What most teams miss here when they frame this as a ‘consent’ problem is that it’s actually an enforcement problem. Consent without enforceability is just a disclaimer.
The consent question is the right one but it’s genuinely complicated by jurisdiction. In most places, voice isn’t a protected biometric in the same way a fingerprint is. The law hasn’t caught up with what the technology can do, which means consent is currently more of an ethical expectation than a legal requirement in most contexts. That gap is doing a lot of damage.
honestly the 30-second threshold is what gets me. that’s not a lot of material. a podcast guest, a conference talk, a youtube video. most public-facing people have more than 30 seconds of audio out there without ever thinking about what that means. the model for ‘public figure’ and ‘consented to voice replication’ are very different things and we’re treating them like they’re the same
As someone who works in fiction and voice-driven narrative, this keeps me up at night in a different way.
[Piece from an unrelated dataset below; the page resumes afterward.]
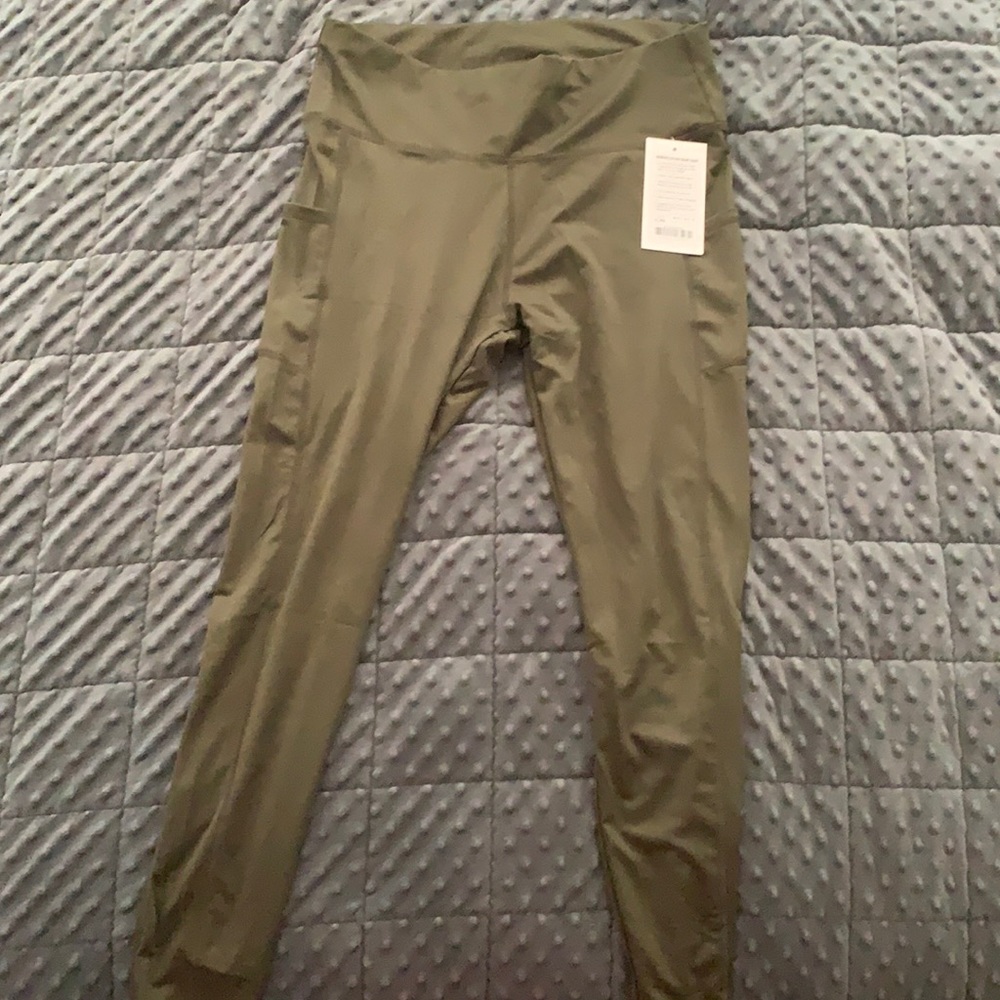 Army Green Leggings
The creative applications are genuinely exciting. I can imagine legitimate uses in audiobook production, in interactive fiction, in game writing. But those applications exist on the same technical foundation as the harmful ones. There’s no version of ‘here’s the good voice cloning’ that doesn’t also enable the other kind. That’s the part I don’t think the conversation is being honest about.
From a marketing angle, the brand risk of getting this wrong is severe. We’ve watched other companies get torched for much smaller violations of audience trust. Using voice cloning without explicit consent in any customer-facing context would be a reputational catastrophe. The tech being available doesn’t mean using it is smart.